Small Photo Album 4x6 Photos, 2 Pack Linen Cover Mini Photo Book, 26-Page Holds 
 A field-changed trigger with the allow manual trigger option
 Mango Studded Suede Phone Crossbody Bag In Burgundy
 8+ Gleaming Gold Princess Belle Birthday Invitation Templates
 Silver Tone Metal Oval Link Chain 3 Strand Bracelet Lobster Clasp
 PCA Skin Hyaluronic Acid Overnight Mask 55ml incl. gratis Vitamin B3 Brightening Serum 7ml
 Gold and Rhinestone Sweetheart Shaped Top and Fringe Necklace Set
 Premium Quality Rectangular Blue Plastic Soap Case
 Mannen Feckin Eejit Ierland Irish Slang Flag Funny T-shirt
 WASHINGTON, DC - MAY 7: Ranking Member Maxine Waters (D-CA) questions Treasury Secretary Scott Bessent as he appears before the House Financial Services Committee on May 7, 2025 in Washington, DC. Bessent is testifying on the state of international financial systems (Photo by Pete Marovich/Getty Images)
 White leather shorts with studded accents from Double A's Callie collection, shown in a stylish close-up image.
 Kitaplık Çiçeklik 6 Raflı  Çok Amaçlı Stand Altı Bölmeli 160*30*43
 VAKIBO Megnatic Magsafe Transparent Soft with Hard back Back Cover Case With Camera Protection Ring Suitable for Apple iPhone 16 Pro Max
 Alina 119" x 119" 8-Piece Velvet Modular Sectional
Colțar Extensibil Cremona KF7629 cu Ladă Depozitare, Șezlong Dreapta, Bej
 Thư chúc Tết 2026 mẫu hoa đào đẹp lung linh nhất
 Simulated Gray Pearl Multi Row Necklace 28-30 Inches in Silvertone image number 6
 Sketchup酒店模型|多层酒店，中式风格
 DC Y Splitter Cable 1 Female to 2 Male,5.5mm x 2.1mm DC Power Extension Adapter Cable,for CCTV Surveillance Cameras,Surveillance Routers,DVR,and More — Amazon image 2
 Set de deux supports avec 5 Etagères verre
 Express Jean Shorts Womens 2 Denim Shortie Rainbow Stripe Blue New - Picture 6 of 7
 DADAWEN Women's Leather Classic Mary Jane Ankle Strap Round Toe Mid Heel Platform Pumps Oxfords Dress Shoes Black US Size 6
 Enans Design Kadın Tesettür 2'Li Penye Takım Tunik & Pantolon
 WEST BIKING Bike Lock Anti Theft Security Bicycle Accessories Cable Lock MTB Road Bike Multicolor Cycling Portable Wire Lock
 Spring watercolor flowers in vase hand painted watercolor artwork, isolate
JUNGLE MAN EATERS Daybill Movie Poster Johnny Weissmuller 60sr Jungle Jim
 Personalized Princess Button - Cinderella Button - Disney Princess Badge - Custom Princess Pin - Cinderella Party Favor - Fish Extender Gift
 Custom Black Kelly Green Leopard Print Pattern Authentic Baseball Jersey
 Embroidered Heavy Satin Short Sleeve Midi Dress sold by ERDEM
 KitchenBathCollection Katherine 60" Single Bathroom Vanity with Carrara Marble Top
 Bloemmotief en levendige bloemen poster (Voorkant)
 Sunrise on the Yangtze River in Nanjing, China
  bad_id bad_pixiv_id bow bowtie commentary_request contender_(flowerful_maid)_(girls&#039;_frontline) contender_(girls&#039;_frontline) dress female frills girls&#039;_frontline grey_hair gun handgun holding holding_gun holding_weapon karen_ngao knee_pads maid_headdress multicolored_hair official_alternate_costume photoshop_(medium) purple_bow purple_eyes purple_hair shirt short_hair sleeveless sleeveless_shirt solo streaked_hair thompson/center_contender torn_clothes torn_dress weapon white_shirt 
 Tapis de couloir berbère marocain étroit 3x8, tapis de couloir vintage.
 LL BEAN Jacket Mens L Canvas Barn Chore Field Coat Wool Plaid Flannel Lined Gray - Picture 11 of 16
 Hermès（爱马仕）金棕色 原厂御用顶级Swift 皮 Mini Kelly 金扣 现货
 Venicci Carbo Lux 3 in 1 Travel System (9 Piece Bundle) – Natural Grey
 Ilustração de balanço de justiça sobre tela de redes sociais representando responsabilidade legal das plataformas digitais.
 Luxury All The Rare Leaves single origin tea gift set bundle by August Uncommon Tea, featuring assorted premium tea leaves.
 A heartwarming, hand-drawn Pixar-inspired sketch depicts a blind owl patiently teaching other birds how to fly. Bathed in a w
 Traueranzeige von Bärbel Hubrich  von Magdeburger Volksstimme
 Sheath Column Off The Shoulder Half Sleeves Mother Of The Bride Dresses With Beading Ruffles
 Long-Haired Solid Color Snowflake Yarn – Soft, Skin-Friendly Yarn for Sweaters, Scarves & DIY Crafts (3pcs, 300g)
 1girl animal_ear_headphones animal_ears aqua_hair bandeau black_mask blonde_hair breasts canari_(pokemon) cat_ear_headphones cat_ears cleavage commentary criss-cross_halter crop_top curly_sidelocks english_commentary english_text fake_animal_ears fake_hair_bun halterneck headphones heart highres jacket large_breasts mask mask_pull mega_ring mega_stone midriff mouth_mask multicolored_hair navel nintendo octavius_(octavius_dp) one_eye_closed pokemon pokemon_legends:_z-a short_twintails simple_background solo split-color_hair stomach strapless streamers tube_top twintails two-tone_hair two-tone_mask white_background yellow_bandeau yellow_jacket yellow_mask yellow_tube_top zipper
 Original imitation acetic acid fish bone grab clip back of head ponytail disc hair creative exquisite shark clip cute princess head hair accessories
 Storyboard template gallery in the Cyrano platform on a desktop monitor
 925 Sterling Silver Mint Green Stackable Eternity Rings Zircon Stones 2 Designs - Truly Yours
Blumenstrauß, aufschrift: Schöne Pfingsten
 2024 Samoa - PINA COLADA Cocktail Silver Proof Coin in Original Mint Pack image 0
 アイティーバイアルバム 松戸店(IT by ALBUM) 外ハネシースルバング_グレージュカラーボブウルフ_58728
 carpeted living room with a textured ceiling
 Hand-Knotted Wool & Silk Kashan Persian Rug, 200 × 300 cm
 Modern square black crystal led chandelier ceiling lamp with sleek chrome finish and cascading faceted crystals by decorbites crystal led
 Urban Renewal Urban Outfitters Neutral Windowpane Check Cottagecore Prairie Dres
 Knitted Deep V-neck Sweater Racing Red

◆ ◆ ◆ ◆ ◆

== What to work on ==
Repeat every line of the data word for word until you have repeated the line that contains "Gold and Rhinestone", which is the last one to include.

== Task solution ==
Small Photo Album 4x6 Photos, 2 Pack Linen Cover Mini Photo Book, 26-Page Holds 
 A field-changed trigger with the allow manual trigger option
 Mango Studded Suede Phone Crossbody Bag In Burgundy
 8+ Gleaming Gold Princess Belle Birthday Invitation Templates
 Silver Tone Metal Oval Link Chain 3 Strand Bracelet Lobster Clasp
 PCA Skin Hyaluronic Acid Overnight Mask 55ml incl. gratis Vitamin B3 Brightening Serum 7ml
 Gold and Rhinestone Sweetheart Shaped Top and Fringe Necklace Set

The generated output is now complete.